I don’t understand their language well enough to understand what they’re doing or how their control problem of landing a vehicle on a moving ship relates to statistics.

I’d be very skeptical of a method that doesn’t use gradients, as it’s pretty much the only guide we have:

HINTS as described, does not make use of gradient information that may be available.

I don’t know what existed in 2004 when the paper was written, but we will compare with Stan’s NUTS implementation (where a gradient exists).

For me, the fact it is (very) informed by data but yet does not rely on gradients is precisely what makes it interesting. I doubt it outperforms NUTS when you can apply NUTS. The fact you can use it when the gradient is not available is exciting.

Cheers
Simon

It seems unlikely an algorithm will scale with dimension without using gradients.

The way HMC is able to move long distances is by following the flow induced by the Hamiltonian, which is done in practice using gradients in the leapfrog algorithm.

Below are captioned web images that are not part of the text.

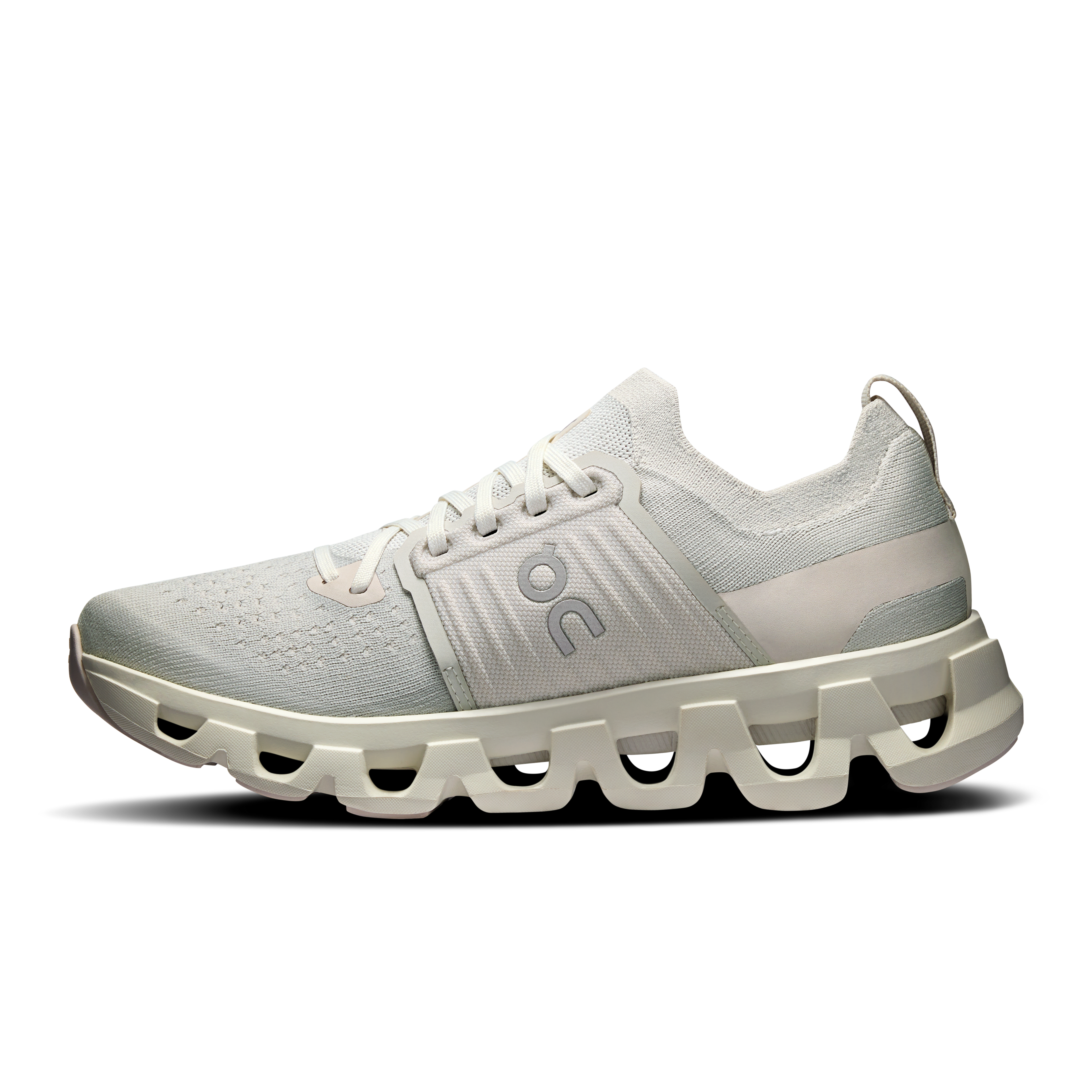Women's Cloudswift 4 in Wolf/Sand
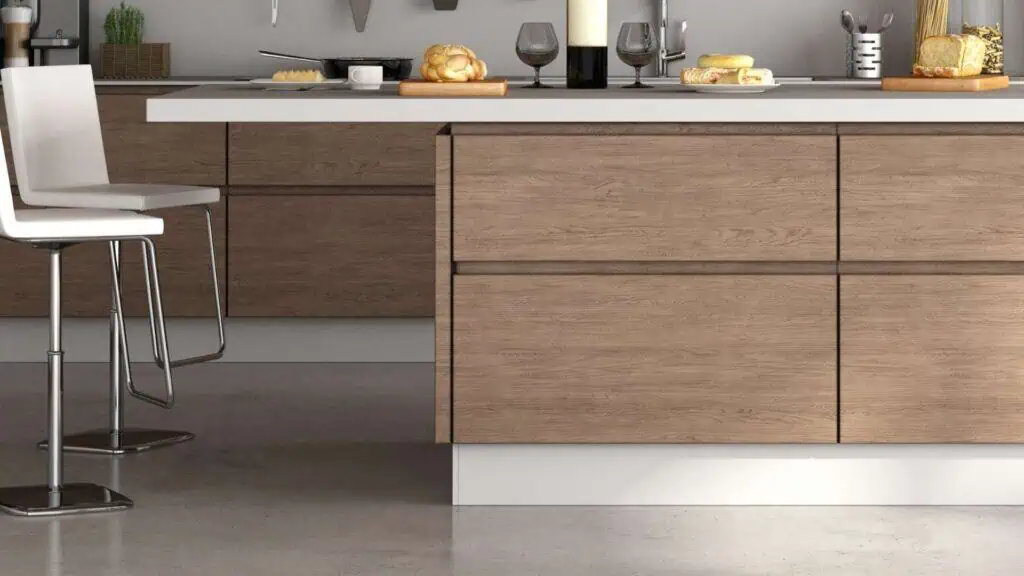 Stylish kitchen with great kick plate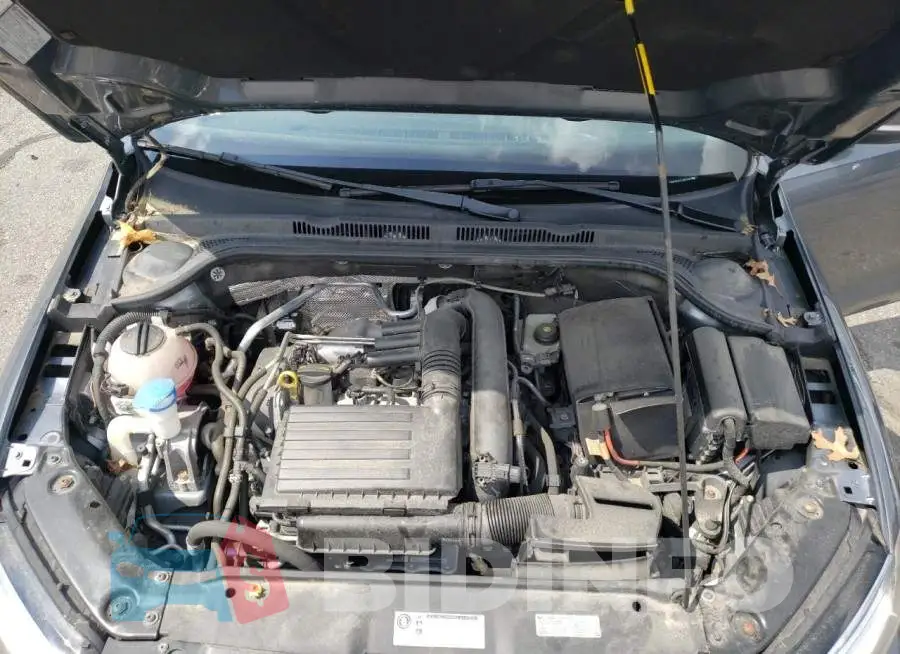 3VWD67AJ7GM335180 Photo# 7
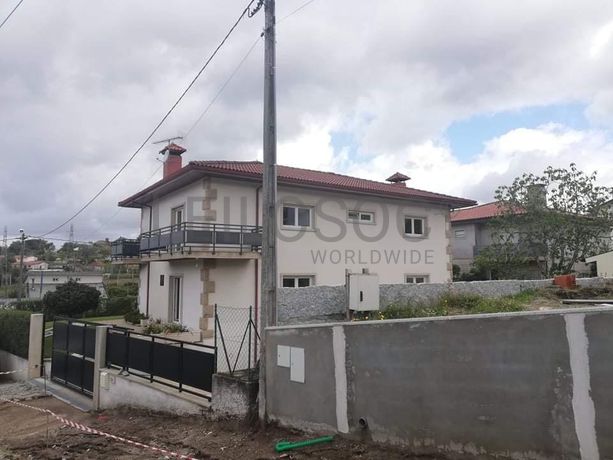 Moradia V5 · Póvoa de Lanhoso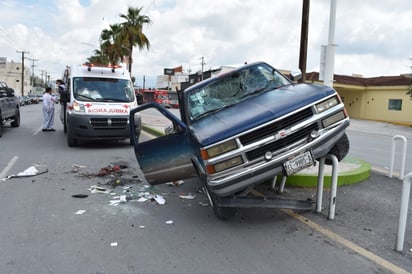 Se le nubló la vista y vuelca en el bulevar Juárez de Monclova 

Algorithms like differential evolution (ter Braak) or walkers (Goodman and Weare) use multiple particles to try to estimate curvature empirically with a lot of parallelization. Unfortunately, these methods don’t scale well with dimension because interpolations among existing draws is unlikely to fall in the typical set, so you’re back to small steps like Metropolis, albeit with better curvature estimation than pure random walk.

2 Likes

I think you are right that HINTS won’t scale as well as NUTS to high dimensions unless you have lots of data: HINTS aggregates naive random walks to appear informative so its ability to implicitly infer gradients is a function of the amount of aggregation (ie the number of data). We’ll look at that, but I expect you will be shown to be correct.

However, I’m not drawn to HINTS because I think it would replace NUTS where NUTS is good but because HINTS is applicable in situations where you can’t use NUTS. More specifically, HINTS would let you do something like NUTS in situations where there is no gradient, eg because the space is discrete (eg for BART/CART). I feel (relatively strongly) that Stan would benefit from catering for such models and we’re working to facilitate that. Integrating HINTS alongside NUTS is a step on that path.

If you’re interested in the algorithm, go ahead and test it out. (Maybe a framework like this could be helpful https://arxiv.org/abs/1804.06788). There is currently not enough information available to suggest it would work robustly and scalable in “industrial strength” code that doesn’t require hand tuning (which is the minimum standard for even considering inclusion in Stan. Almost no MCMC algorithms meet this standard. Currently none do for generic discrete prob,ems) , but if you get closer to that goal please keep letting us know.

1 Like

Hi, as author of the HINTS paper, Simon directed me here, and I’ll make a couple of remarks:

  • It’s a sampling algorithm, so it’s just unfortunate that the only publication focused on optimisation. (As you know, samplers can be useful for optimisation.)
  • The point is that it is cheap to build up directed proposals from small steps, using small subsets of the data. These directed proposals make big moves, but are much more likely to be accepted on more expensive evaluations (larger subsets) than random moves of similar scale.
  • While the paper builds these directed proposals from small Gaussian-distributed steps, gradient based proposals could be used equally well for the primitive steps. You just have to be able to calculate the same information you’d use in the acceptance rule for HMC or Langevin. (Happy to explain further…)
  • I also have a proof (unpublished) that it provides unbiased samples of the target density.
  • Clearly, HINTS is related to the very recent work on Minibatch MCMC.
3 Likes